> [DIRECTIONS]
Please give back, exactly as written, the lines from the line with "Gaziantep Pazarı 1 kg Ruşeym" to the line with "4-комнатная квартира ·" in the listing below, leaving out all pictures.

> [EXERCISE MATERIAL]
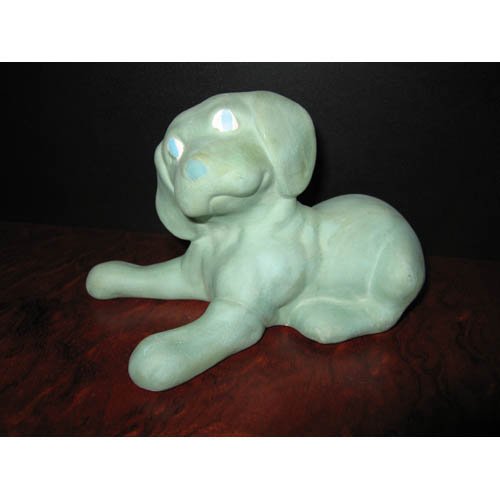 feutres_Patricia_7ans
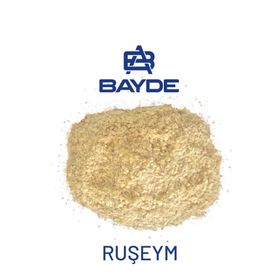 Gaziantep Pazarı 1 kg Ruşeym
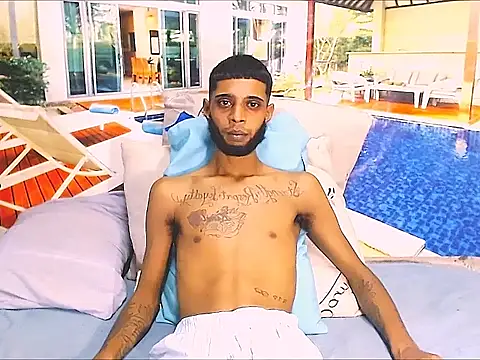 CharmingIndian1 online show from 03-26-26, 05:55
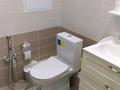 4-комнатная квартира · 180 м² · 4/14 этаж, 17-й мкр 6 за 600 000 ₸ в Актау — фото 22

---

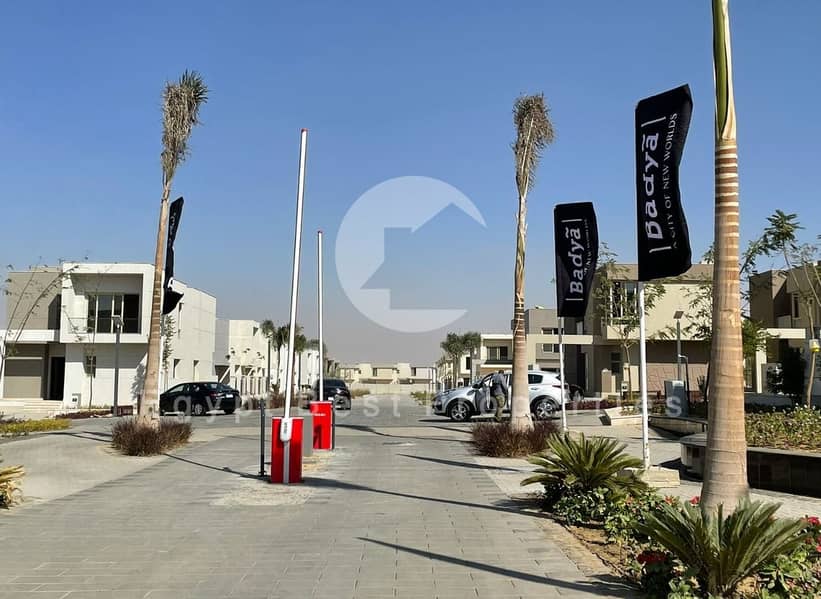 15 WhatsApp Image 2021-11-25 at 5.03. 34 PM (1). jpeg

> [ANSWER AREA]
 Gaziantep Pazarı 1 kg Ruşeym
 CharmingIndian1 online show from 03-26-26, 05:55
 4-комнатная квартира · 180 м² · 4/14 этаж, 17-й мкр 6 за 600 000 ₸ в Актау — фото 22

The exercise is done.